Don’t tell me you wouldn’t listen to a “Runners Only” podcast featuring backfield stars of past and present talking about life and the game of football like only they can. Episode 1: Alvin Kamara names all 66 guys drafted ahead of him from memory, Mercury Morris raps 72 bars in honor of his beloved undefeated Miami Dolphins Super Bowl team, an LA (Ekeler, Cam Akers) vs. Texas (Tony Pollard, Dameon Pierce) debate to settle In-N-Out In vs. Whataburger once and for all.
Folks, we’re going to make running backs cool again through visibility, empowerment, and personality.
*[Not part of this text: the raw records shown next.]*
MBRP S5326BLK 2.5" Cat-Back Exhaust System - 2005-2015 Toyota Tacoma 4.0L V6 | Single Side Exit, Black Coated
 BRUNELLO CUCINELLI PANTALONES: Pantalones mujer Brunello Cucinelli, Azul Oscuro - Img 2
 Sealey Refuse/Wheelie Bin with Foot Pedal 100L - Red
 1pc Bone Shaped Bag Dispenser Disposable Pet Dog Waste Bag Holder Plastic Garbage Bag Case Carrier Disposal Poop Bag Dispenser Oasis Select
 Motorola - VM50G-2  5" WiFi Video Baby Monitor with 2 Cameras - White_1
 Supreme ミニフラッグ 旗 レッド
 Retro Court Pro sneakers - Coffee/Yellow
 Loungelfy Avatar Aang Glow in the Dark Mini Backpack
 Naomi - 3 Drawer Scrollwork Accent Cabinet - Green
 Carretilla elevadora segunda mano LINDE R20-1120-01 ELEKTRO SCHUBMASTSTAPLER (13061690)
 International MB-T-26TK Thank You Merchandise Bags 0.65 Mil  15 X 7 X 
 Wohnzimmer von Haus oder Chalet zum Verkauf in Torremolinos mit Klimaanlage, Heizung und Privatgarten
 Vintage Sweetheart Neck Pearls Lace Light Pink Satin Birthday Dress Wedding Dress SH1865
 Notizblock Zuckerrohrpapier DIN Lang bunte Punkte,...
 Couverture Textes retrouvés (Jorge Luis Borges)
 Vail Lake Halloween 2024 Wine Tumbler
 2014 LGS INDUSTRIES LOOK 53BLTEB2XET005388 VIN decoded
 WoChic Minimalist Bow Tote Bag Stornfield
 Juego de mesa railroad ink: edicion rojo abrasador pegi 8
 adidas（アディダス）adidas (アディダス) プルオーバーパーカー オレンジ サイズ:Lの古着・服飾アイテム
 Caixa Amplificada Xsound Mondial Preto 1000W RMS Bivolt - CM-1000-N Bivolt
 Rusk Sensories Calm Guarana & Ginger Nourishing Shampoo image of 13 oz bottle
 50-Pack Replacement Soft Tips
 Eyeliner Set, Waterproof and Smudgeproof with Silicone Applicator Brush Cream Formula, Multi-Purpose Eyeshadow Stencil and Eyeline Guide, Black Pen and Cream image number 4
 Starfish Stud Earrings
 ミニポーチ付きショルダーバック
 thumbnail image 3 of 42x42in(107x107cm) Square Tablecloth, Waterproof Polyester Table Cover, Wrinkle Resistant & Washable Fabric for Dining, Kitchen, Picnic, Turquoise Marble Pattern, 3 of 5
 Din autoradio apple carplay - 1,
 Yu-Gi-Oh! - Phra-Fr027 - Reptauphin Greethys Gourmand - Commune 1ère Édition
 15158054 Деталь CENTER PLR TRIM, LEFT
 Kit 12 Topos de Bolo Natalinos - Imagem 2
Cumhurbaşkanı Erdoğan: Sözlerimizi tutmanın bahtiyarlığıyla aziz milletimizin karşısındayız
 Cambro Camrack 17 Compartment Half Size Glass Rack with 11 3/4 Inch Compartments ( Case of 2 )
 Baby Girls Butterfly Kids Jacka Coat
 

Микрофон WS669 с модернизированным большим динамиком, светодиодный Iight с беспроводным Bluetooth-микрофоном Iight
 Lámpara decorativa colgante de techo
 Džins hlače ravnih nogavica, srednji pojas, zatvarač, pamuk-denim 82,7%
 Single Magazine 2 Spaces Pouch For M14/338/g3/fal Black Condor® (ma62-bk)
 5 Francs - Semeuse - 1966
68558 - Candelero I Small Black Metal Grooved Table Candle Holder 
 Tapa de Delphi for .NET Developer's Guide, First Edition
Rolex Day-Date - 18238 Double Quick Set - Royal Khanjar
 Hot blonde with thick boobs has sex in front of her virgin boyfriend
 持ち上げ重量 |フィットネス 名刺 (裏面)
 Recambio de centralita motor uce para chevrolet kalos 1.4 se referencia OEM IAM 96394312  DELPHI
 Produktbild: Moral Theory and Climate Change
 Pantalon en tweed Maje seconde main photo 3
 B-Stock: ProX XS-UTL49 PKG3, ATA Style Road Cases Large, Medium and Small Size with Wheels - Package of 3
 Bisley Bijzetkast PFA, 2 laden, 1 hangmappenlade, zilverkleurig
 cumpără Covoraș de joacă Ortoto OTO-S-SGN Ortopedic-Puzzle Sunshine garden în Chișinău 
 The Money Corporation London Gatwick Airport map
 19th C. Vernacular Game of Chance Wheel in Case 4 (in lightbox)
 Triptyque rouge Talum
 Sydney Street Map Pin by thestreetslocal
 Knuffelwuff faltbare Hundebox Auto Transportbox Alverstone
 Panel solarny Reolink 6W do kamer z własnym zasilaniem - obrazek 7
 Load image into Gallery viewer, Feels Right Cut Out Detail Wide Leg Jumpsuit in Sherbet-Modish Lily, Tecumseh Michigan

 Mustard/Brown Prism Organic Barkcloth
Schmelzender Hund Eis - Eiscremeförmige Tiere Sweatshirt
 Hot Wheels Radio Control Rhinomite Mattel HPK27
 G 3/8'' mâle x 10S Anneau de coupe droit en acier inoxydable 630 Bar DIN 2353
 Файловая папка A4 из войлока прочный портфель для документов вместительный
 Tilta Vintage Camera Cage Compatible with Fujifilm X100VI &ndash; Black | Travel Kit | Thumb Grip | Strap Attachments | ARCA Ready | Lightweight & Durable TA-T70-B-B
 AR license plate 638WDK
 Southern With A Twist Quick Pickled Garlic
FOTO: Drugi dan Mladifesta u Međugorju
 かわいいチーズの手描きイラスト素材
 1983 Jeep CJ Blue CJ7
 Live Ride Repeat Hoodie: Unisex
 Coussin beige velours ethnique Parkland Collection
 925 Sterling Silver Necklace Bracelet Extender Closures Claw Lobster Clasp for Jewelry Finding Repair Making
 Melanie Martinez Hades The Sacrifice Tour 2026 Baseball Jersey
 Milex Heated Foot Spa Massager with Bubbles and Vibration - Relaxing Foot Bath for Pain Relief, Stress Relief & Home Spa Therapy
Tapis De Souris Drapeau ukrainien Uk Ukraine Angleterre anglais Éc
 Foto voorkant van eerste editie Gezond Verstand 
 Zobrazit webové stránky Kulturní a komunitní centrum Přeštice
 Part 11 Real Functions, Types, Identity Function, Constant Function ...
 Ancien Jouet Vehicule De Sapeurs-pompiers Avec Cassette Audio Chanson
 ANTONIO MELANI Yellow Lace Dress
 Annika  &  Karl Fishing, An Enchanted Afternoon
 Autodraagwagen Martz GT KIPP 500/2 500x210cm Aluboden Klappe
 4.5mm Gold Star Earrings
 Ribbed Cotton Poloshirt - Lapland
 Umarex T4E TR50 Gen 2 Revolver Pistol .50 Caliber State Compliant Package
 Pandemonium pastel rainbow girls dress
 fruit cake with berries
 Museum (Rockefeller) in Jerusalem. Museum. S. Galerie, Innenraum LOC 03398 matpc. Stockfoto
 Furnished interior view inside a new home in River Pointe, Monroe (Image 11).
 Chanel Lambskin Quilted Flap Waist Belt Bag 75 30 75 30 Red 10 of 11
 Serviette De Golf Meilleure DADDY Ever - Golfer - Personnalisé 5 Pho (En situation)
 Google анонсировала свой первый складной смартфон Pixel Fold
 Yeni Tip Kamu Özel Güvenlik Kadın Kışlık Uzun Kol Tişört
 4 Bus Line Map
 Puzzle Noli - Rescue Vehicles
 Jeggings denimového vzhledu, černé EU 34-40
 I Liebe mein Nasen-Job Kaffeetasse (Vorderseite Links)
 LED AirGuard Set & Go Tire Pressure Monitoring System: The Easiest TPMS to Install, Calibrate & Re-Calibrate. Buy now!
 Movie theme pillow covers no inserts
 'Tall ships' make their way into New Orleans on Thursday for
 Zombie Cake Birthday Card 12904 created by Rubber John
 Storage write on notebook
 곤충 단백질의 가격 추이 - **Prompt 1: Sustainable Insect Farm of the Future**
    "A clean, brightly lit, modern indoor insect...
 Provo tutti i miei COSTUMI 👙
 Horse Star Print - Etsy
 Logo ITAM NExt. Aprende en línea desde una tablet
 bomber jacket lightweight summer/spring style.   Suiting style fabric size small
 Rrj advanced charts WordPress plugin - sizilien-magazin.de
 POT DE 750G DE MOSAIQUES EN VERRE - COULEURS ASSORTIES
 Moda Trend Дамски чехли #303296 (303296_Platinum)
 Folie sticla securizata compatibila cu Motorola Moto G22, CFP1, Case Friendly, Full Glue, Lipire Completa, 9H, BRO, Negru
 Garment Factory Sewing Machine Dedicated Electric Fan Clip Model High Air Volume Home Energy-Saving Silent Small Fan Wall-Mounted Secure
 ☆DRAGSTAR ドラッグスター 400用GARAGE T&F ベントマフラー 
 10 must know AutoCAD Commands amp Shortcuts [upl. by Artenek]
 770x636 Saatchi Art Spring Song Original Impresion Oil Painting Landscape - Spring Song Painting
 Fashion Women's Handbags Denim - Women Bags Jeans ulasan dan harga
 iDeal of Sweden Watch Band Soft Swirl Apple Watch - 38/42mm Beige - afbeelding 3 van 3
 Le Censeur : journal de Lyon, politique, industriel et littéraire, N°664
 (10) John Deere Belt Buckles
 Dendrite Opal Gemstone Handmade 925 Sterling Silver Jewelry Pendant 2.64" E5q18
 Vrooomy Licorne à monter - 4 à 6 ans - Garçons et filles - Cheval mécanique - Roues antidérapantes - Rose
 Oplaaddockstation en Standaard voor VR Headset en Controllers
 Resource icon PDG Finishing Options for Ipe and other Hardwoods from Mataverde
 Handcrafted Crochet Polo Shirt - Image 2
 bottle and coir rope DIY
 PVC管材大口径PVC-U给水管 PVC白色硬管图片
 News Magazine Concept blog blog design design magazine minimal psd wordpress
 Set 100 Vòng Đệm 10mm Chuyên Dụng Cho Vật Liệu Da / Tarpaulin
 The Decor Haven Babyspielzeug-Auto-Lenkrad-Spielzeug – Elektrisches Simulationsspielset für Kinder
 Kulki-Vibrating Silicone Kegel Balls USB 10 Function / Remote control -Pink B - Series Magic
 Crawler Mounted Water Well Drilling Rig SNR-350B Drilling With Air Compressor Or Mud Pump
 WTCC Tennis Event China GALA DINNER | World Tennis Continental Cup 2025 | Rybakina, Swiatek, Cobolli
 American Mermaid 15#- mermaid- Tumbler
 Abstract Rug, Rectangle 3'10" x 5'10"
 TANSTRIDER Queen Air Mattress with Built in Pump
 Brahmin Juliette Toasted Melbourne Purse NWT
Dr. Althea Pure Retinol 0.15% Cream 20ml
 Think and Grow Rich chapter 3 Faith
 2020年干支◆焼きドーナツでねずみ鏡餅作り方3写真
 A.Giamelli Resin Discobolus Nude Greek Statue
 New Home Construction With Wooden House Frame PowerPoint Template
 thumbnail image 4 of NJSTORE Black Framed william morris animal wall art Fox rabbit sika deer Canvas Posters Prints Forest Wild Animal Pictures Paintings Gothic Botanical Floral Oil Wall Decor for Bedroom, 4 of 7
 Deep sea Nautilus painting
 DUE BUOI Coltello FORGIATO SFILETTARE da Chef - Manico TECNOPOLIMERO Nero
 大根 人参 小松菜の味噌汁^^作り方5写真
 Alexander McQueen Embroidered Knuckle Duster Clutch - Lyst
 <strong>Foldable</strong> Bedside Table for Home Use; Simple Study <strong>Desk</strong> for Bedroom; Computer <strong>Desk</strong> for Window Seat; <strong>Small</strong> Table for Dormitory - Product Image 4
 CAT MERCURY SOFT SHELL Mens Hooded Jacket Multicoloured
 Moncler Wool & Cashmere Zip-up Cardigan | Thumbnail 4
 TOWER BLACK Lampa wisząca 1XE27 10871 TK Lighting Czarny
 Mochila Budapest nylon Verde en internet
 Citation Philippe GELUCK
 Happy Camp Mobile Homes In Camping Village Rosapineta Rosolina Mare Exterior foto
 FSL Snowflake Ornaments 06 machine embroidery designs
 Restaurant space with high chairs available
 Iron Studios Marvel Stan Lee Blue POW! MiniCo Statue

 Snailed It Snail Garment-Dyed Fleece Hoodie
And yes, that sound you’re hearing is cha-ching.
Franchise tag reform
An unavoidably critical component to anything that could be considered real, lasting progress? Burning the franchise tag in a bonfire.
This mechanism is blatantly anti-labor in that it provides teams the privilege of preventing an otherwise eligible player from entering free agency; the NBA, NHL, and MLB do provide teams with certain advantages to help them keep their own players, but don’t go as far as the tag, which is essentially a take-it-or-leave-it proposition.
While the tag doesn’t provide the security of a multiyear deal, its apologists may be quick to argue that the actual salary number attached to it is quite healthy for certain position groups based on how it’s calculated: By averaging the top five salaries among players at that position over the past five years, adjusting for changes in the NFL salary cap. A quarterback tagged for 2023, for instance, would receive $32.416 million fully guaranteed. Running backs, however, clock in at just $10.091 million this season, the lowest salary number for a tagged player outside of kickers and punters — and less than rookies Bijan Robinson and Jahmyr Gibbs are due to make despite not having a single professional carry to their names when they signed their rookie deals.
Here’s what we can do instead:
- Either (a) remove the tag’s positional designations entirely, (b) regroup offensive skill players together as a single bloc, or (c) scale a franchise tender’s value based on an individual player’s service time in the league
- Introduce an arbitration system similar to pre-free agency MLB players by which a player and his team propose separate salary numbers, with a final resolution determined in a hearing.
- Phase the tag out of existence over two or three years
- Eliminate the tag immediately
Either sign your upcoming free agents to an extension or let them walk, folks. Period.
If it takes some manner of special working group or subcommittee to help make that happen and deliver a fairer piece of the pie to the super-athletes who make such a bruising living running between the tackles, so be it.
After all, running backs are special players.